Bare trees, gray light. Oh, yeah, it was a cold night.

We’re still in the freezer section here in The Duck! City.

The thermometer has been pegged at 13° since I got up way too early this morning because I was feeling chilly even in the bed, which Miss Mia Sopaipilla appropriated after I had adjusted the thermostat (and provided her a couple helpings of kibble, a tuna-water ice cube, and a soupçon of butter from my morning toast).

“I’d like my meals delivered, please.
As in ‘now.'”

Of course, 13° ain’t shit to you stolid Midwesterners, Canucks, and other polar explorers. And my man Hal reports minus-11° this morning at his compound in our old stomping grounds of Crusty County, which makes me miss the place not at all, not one itty-bitty bit.

I remember stuffing chunks of cedar, oak, and aspen into our Weirdcliffe woodstove like a Vegas bluehair shoving nickels into a one-armed bandit. But Hal can’t even do that, because his stove is on the DL.

Thus he burns propane and electricity like a city feller while he awaits parts for his wood-burner, a Drolet Outback Chef, some Quebecer deal with an Eyetalian overlay.
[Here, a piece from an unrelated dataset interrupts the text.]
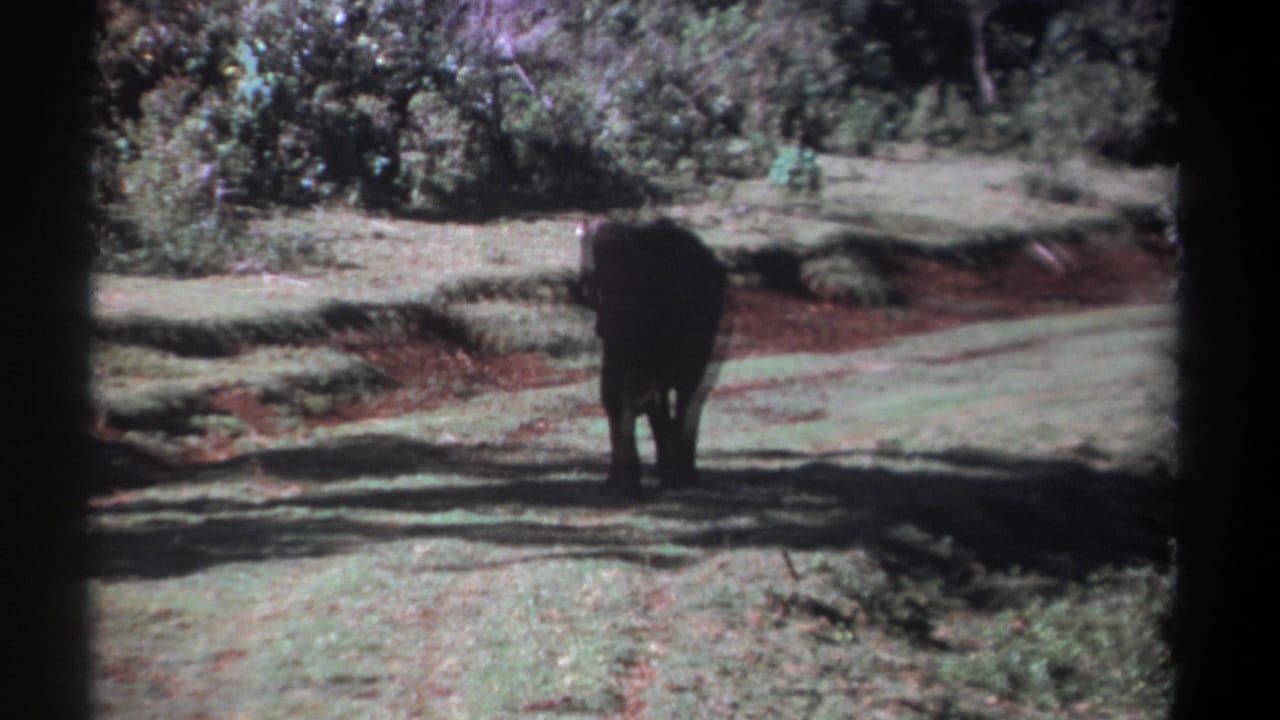1969 Kenya 8mm frame showing a young elephant from behind as it crosses grass and red soil near dense foliage.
I don’t suppose Hal will pass the time by reading the continuing adventures of The Count of Mar-a-Lago, now available on Twatter and Buttface. But he does have a perverse streak. How many people do you know who cook their meals on a woodstove in the the Year of our Lard 2023?

Blowin’ in the wind

The wind is shrieking like a House Repuglican
whose Koch Brothers rent check got lost in the mail.

God is running His leaf blower today, and my back yard sports more needles than the alleys around Pennsylvania and Central.

Speaking of the mean streets of The Duck! City, a couple state legislators did a photo op over the weekend, kipping in a tent at 4th and Marble to draw attention to homelessness.

A few of our local TV stations took the bait, because they are local TV stations. And while some might take offense that one story was peppered with ads from Vrbo, Hotels.com, and Expedia.com, I doubt that many of the unhoused were browsing the ’Net from their cardboard condos. No harm, no foul.

The legislators would not have enjoyed street life today, though I hear Oz is lovely this time of year, and Emerald City Airlines rarely loses your tent.

Meanwhile, there’s an air-quality alert in place until noon tomorrow, and anyone who likes their air regular instead of extra-crispy is advised to hold their breath until then.

Snow? No

It ain’t easy getting green.

We was robbed.

Just as well. The ladies have plans, and though they are Marylanders and used to snow, only Herself has enjoyed winter motoring in The Duck! City, whose drivers can’t keep the shiny side up on a sunny day.

Yesterday it was a Tesla and a pick-’em-up truck that ate shit at Comanche and Tramway, where the debris from old crashes piles up like the fast-food wrappers, liquor bottles, and dirty diapers drivers toss from their vehicles between texts as they breeze through the red five seconds late and 20 over the limit.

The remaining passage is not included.